On April 8 the Oklahoma House of Representatives passed a resolution supporting traditional marriage and the federal Defense of Marriage Act (DOMA). The U.S. Supreme Court is currently considering a lawsuit challenging the constitutionality of DOMA, which defines marriage as only between a man and a woman for the purposes of federal business, and the Oklahoma lawmakers want to be on record as endorsing only the traditional definition of marriage. It also wants the High Court to rule in favor of allowing individual states to continue determining their own definition of marriage.
The eight-paragraph resolution declares that “marriage is the building block upon which our society is based,” and that “ the power to regulate marriage is a power reserved to the states that lies within the domain of state legislatures and not with the judicial branch of government.” The resolution also recalls that in 2004 Oklahoma voters passed a state constitutional amendment defining marriage as between a man and a woman, one of 30 states thus far to pass such amendments.
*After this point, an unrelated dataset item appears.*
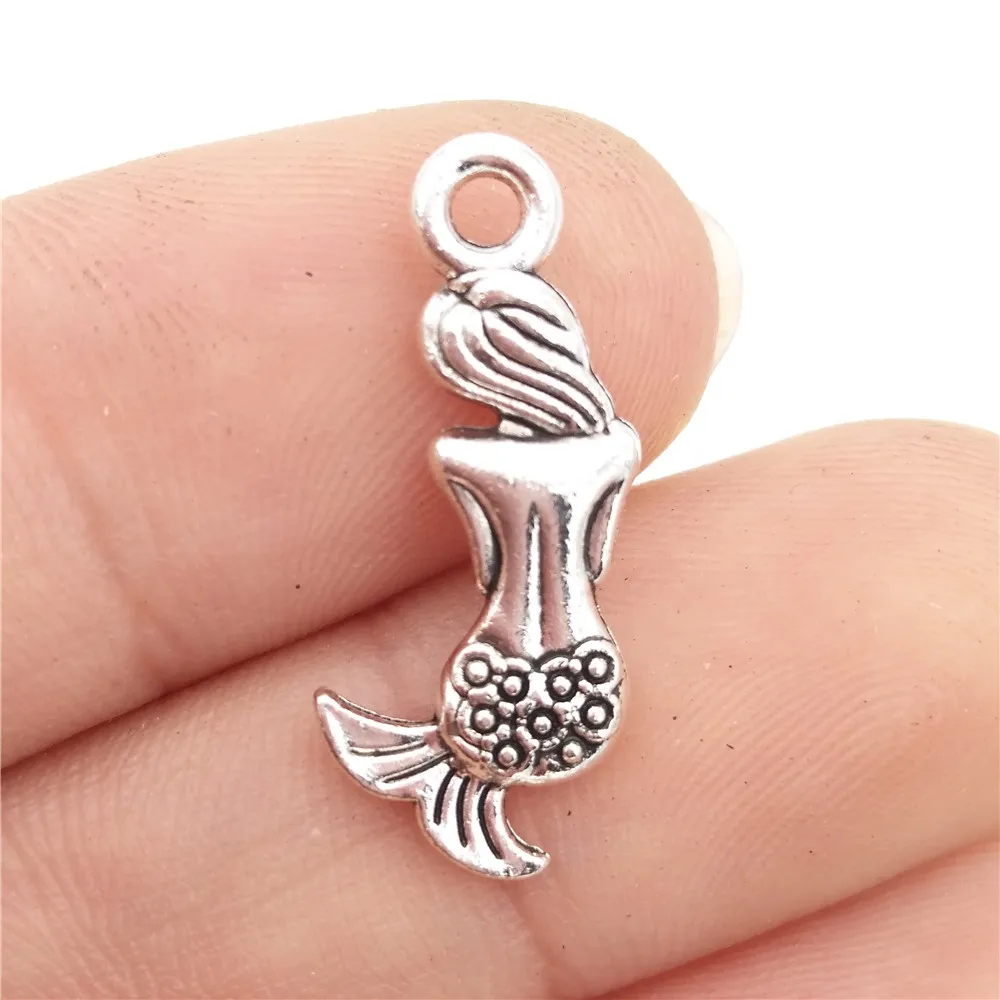 Опт 30 цинковый сплав Пляж океан тема Русалка морская улитка пляжное кресло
With those standards set, the resolution concludes: “Be it resolved by the House of Representatives … that the Oklahoma Legislature reaffirms its commitment to define marriage as the union of one man and one woman and urges the United States Supreme Court to uphold the Defense of Marriage Act and the right of states to regulate marriage.”
The resolution, which will now be taken up by the State Senate asks that a copy “be distributed to the President and Vice President of the United States and to the Oklahoma Congressional Delegation.”
While the vote was unanimous, Tulsa’s NBC news affiliate noted that half the House Democrats, led by Democratic leader Scott Inman and openly homosexual Rep. Kay Floyd of Oklahoma City, walked out of the chamber instead of voting. The other half of the Democratic contingent joined all the Republican state representatives to vote to support traditional marriage.